Quote: KSPI was at the Rio on Monday playing Double Double bonus on a super times pay machine and had a very strange session that led me to believe something was up with the machine. I was playing 6 quarters a line and three lines total for $4.50 a hand. I played for approximately 25 minutes and did not get a single super times pay multiplier. I did however get 4 aces twice, once with a duece for $500 and once without for $200. I had to leave for the airport or I would have kept playing, more than anything to see if I ever got a multiplier. I've played a fair amount of video poker and have never seen anything like this. The odds of not getting a multiplier after approximately 200 hands combined with getting 4 aces twice have got to be off the charts.
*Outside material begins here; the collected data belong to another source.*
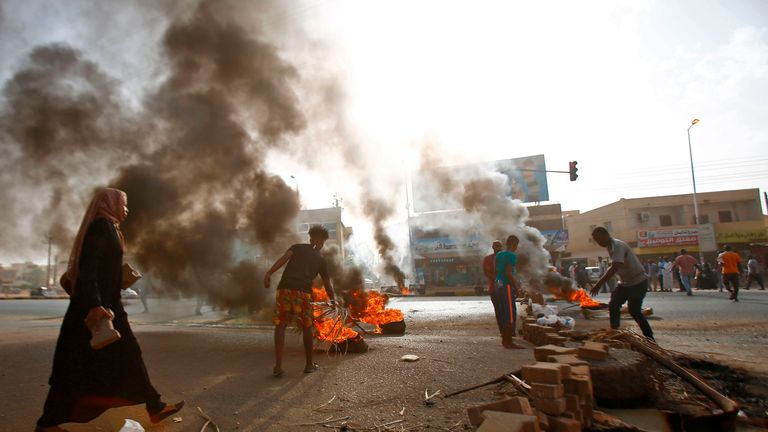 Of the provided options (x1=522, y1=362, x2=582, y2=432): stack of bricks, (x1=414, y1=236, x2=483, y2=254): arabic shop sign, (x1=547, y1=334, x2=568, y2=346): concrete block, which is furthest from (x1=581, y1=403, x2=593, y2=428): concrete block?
(x1=414, y1=236, x2=483, y2=254): arabic shop sign

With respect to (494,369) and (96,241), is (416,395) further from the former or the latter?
(96,241)

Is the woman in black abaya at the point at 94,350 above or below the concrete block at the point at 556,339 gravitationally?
above

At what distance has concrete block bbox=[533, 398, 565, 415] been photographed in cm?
240

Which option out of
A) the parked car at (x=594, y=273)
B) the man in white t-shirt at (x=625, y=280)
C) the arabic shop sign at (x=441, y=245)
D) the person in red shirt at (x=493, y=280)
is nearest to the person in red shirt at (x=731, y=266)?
the person in red shirt at (x=493, y=280)

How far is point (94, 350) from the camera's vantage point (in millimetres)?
2514

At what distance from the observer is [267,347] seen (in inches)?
226

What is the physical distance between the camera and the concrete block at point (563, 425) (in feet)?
7.43

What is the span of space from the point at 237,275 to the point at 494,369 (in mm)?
6443

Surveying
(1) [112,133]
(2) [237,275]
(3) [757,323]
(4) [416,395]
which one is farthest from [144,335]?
(3) [757,323]

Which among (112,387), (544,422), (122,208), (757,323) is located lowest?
(757,323)

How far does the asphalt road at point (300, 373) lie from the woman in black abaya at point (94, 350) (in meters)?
0.34

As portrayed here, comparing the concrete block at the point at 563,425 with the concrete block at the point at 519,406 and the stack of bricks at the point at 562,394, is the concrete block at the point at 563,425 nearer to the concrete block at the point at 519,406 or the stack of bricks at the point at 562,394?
the stack of bricks at the point at 562,394

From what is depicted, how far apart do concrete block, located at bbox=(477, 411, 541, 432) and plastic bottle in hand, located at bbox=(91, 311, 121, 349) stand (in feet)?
6.69

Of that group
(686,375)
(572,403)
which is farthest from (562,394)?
(686,375) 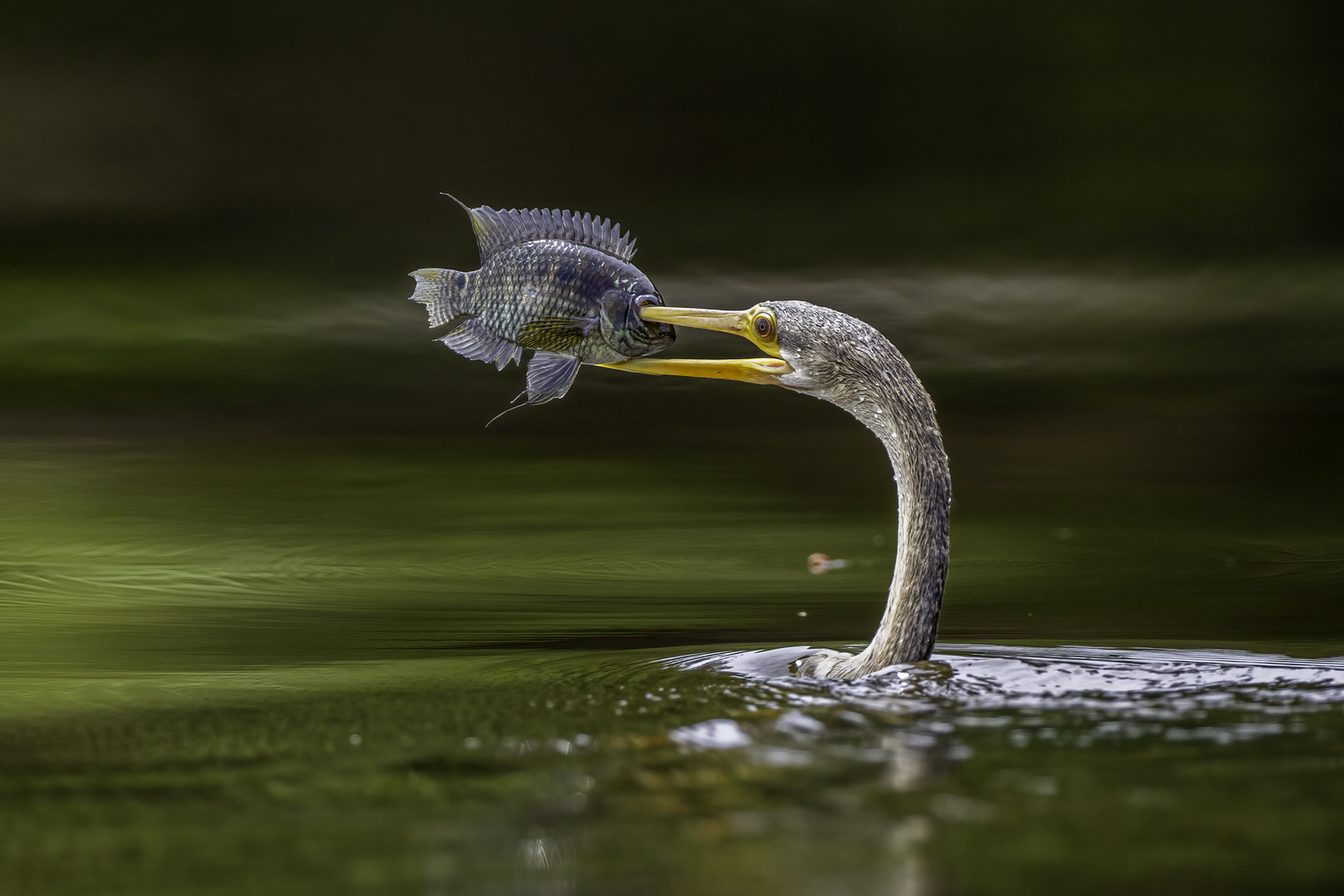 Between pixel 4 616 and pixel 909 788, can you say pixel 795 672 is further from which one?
pixel 4 616

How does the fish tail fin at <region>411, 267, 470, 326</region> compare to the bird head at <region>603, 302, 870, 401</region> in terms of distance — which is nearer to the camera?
the fish tail fin at <region>411, 267, 470, 326</region>

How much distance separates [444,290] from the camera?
8.71 feet

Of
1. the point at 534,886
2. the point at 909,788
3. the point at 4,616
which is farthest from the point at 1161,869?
the point at 4,616

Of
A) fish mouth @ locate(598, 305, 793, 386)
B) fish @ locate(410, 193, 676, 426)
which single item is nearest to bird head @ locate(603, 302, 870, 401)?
fish mouth @ locate(598, 305, 793, 386)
According to my page on Super Time Pay, the probability of getting a multiplier on any given hand is 1/15. So the probability of going 200 hands without a multiplier is (14/15)^200 = 1 in 983,206. The probability of getting four aces twice in 600 hands on the draw is 1 in 116, assuming optimal 9/6 DDB strategy.
However, this would make for terrible statistics if I were to conclude that the machine was cheating. The scientific method would be to formulate a hypothesis BEFORE you start playing, then gather evidence, and then see how well the evidence fits the hypothesis. It is easy to look back on a video poker sitting and find something unusual about it.
Just one more question: How would one go about trying to prove mathematically that the machine had the super time pay feature turned off or was set up to a frequency other than 1 in 15? I guess you could play a series of sessions of x hands per session, but how many of these would you need to run before you would feel comfortable drawing any conclusions.
Also, I calculated my odds of getting multipliers five hands in a row at 1 in 759,375, better than my odds of not getting any for 200 hands (1 in 983,206). That would have been more fun :)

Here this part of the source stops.